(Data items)
#####
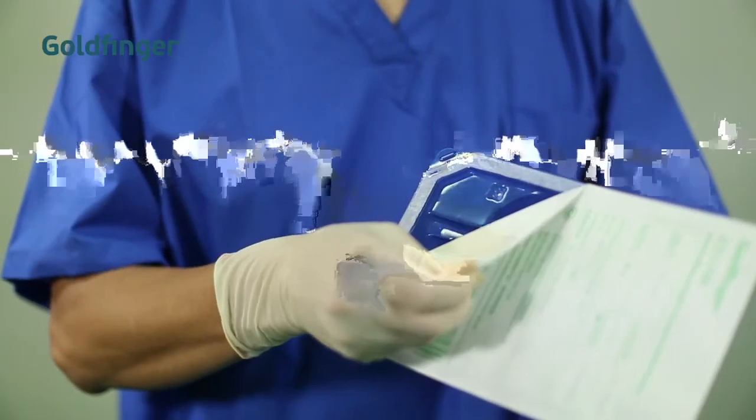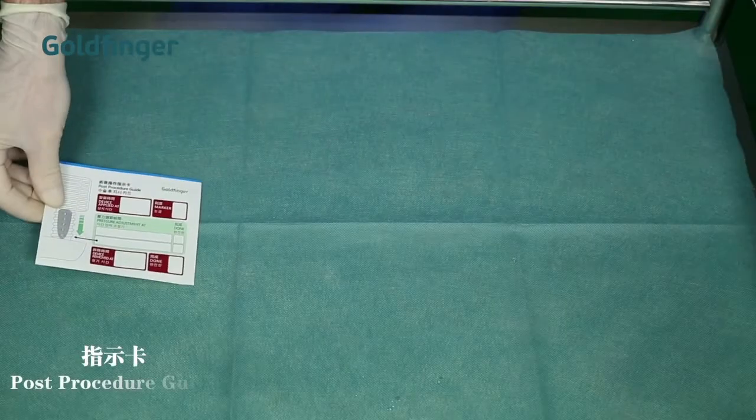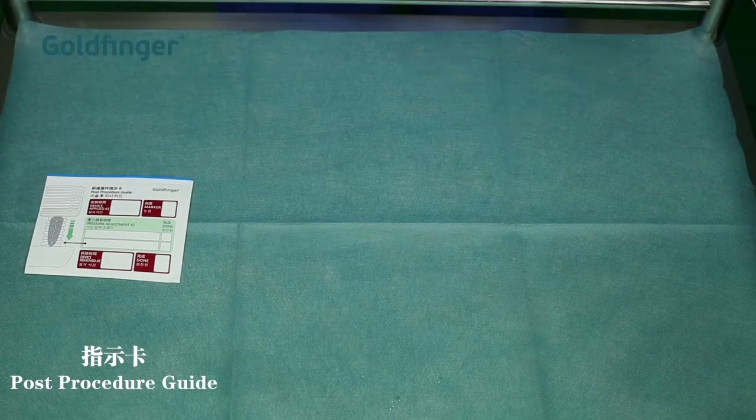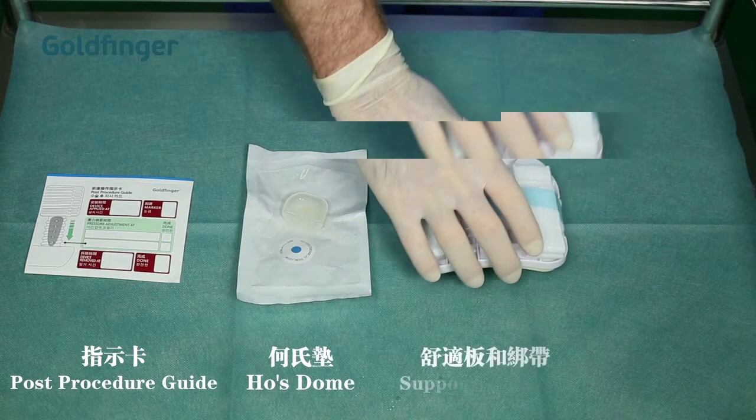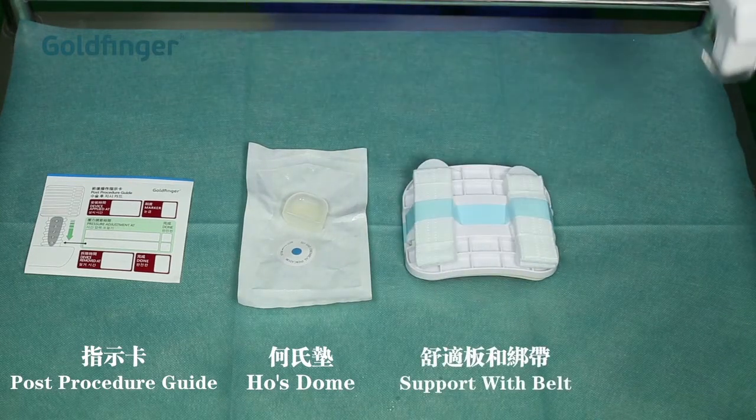Each package of Goldfinger contains a post procedure guide, a hose dome, a support with belt, and the main unit.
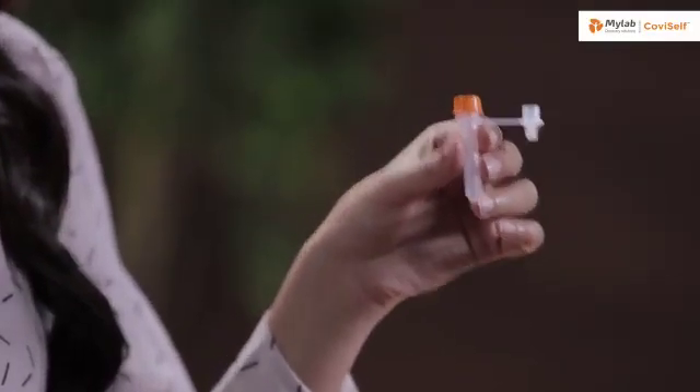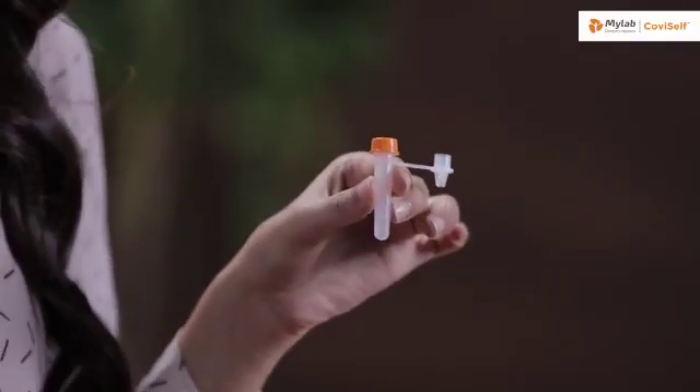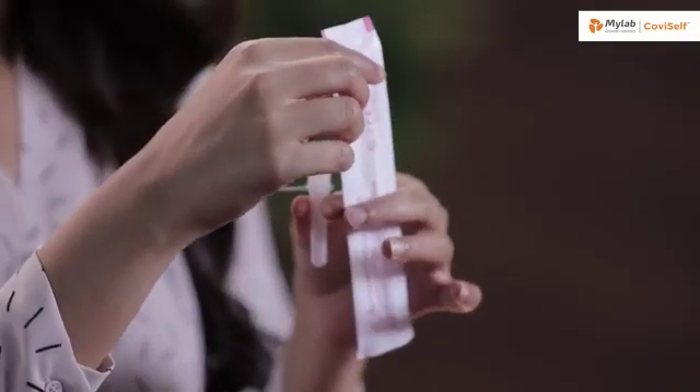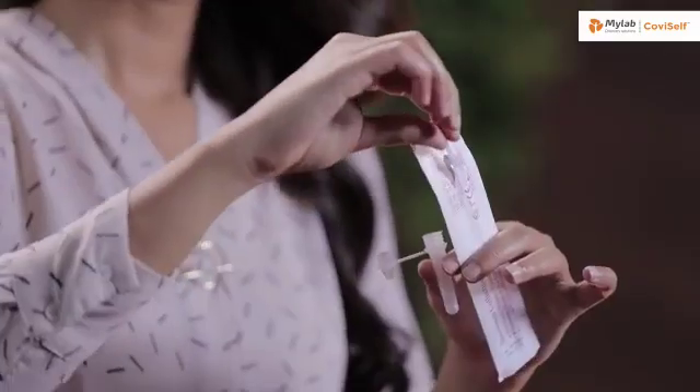Take the pre-filled extraction tube and tap it gently three or four times to ensure that the liquid settles at the bottom. Unscrew the cap and hold the tube in your hand. Open the sterile nasal swab while holding the tube in your hand. Tear it from the tail end.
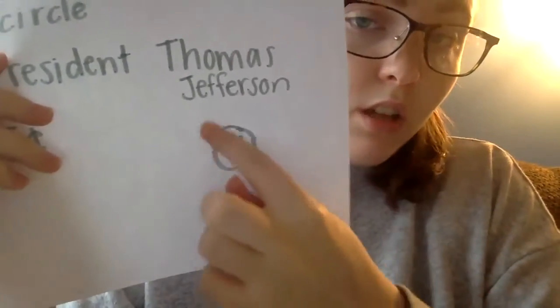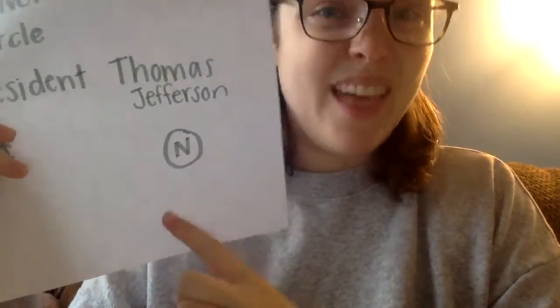Nickels are a medium sized coin, and a nickel is worth five cents. So if you see me drawing a circle with an N inside of it, that means it's a nickel.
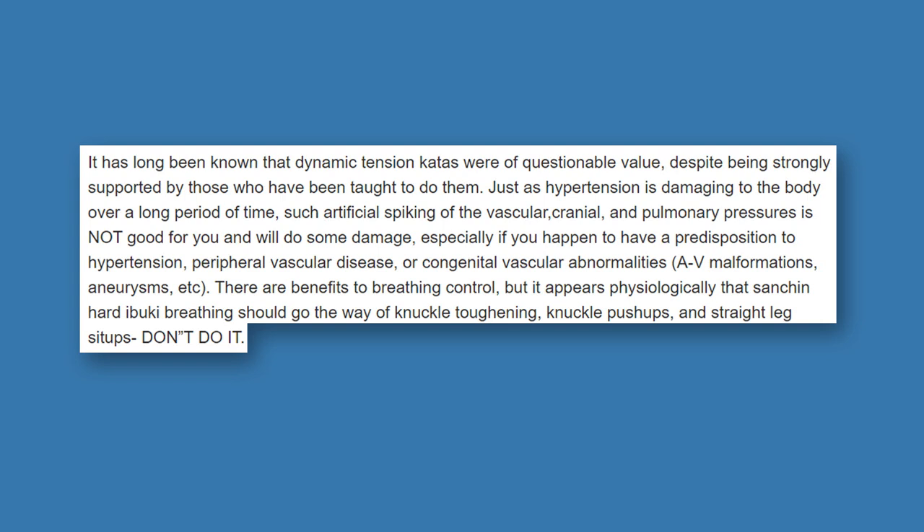I came across a blog post in which a registered nurse expressed concerns about Sanchin — I'll put a link in the description. He mentions that dynamic tension katas are of questionable value, and that just as hypertension is damaging over time, artificially spiking vascular, cranial, and pulmonary pressures is not good for you — especially with a predisposition to hypertension, peripheral vascular disease, or congenital vascular abnormalities. He recommended weightlifting as a better alternative, saying of hard Ibuki breathing: 'Don't do it.'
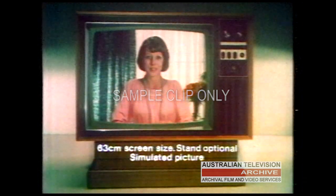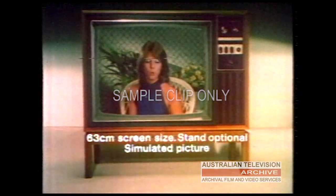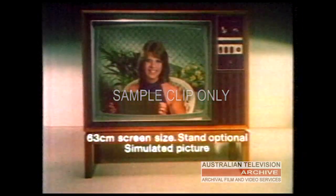And there's another reason why National looks so good, and that's because National gives you a black matrix picture tube. It's simple really. If you could look through a microscope, you'd see all the coloured dots are actually on a black background like this. It means colours have more contrast and are cleaner and brighter.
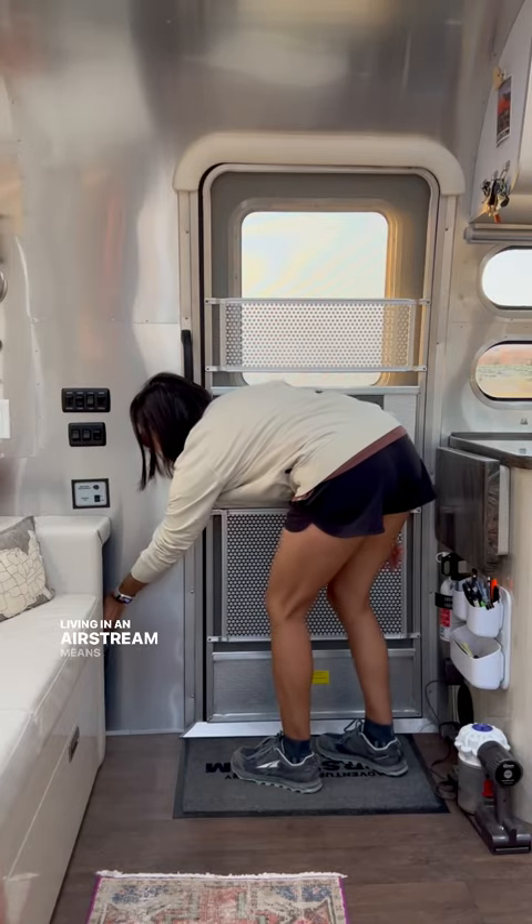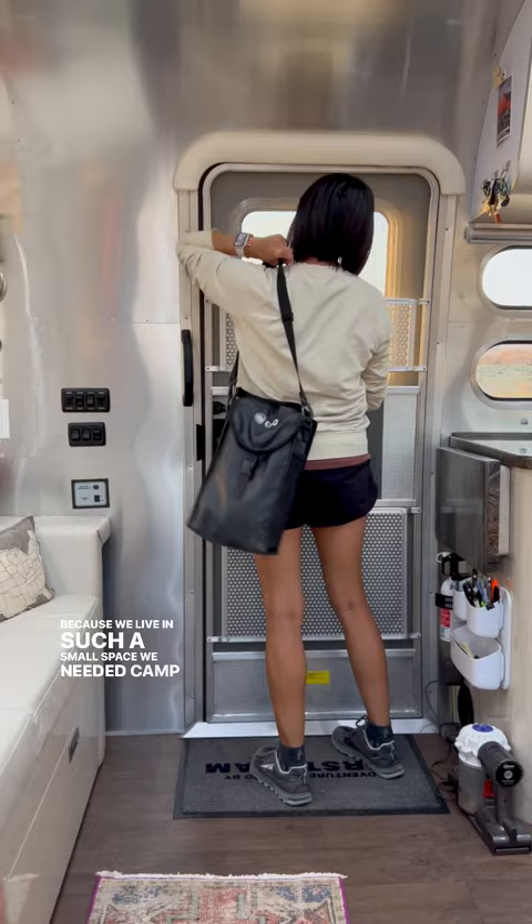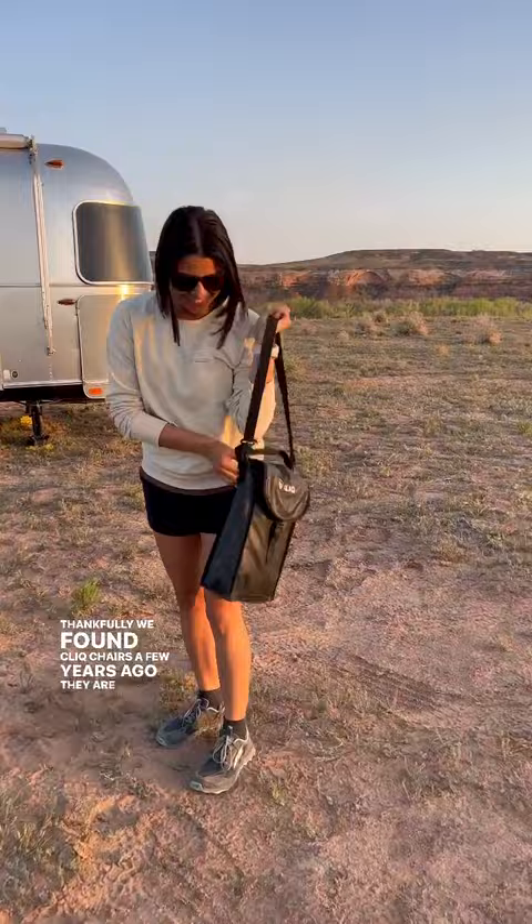Living in an Airstream means square footage is precious. Because we live in such a small space, we needed camp chairs that took up the least amount of room. Thankfully, we found click chairs a few years ago. They are packable, portable chairs so they don't take up much room in our Airstream.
#####
In the reply, give again exactly the lines from the beginning of the entries above through the line with "Nickels are a"; pictures stay out.

● WORKED SOLUTION:
Each package of Goldfinger contains a post procedure guide, a hose dome, a support with belt, and the main unit.
Take the pre-filled extraction tube and tap it gently three or four times to ensure that the liquid settles at the bottom. Unscrew the cap and hold the tube in your hand. Open the sterile nasal swab while holding the tube in your hand. Tear it from the tail end.
Nickels are a medium sized coin, and a nickel is worth five cents. So if you see me drawing a circle with an N inside of it, that means it's a nickel.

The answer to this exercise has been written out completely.